■ **Raw data**:
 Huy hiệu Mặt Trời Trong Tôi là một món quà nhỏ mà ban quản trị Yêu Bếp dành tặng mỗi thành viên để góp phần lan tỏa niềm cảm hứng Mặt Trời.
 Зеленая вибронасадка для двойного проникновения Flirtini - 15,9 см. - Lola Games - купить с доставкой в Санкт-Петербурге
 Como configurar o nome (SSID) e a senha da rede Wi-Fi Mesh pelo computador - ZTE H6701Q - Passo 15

■ **Work required**:
Lines from the one with "Зеленая вибронасадка для" through the end of the data: set these down exactly, including both ends and nothing more.

■ **Exercise result**:
 Зеленая вибронасадка для двойного проникновения Flirtini - 15,9 см. - Lola Games - купить с доставкой в Санкт-Петербурге
 Como configurar o nome (SSID) e a senha da rede Wi-Fi Mesh pelo computador - ZTE H6701Q - Passo 15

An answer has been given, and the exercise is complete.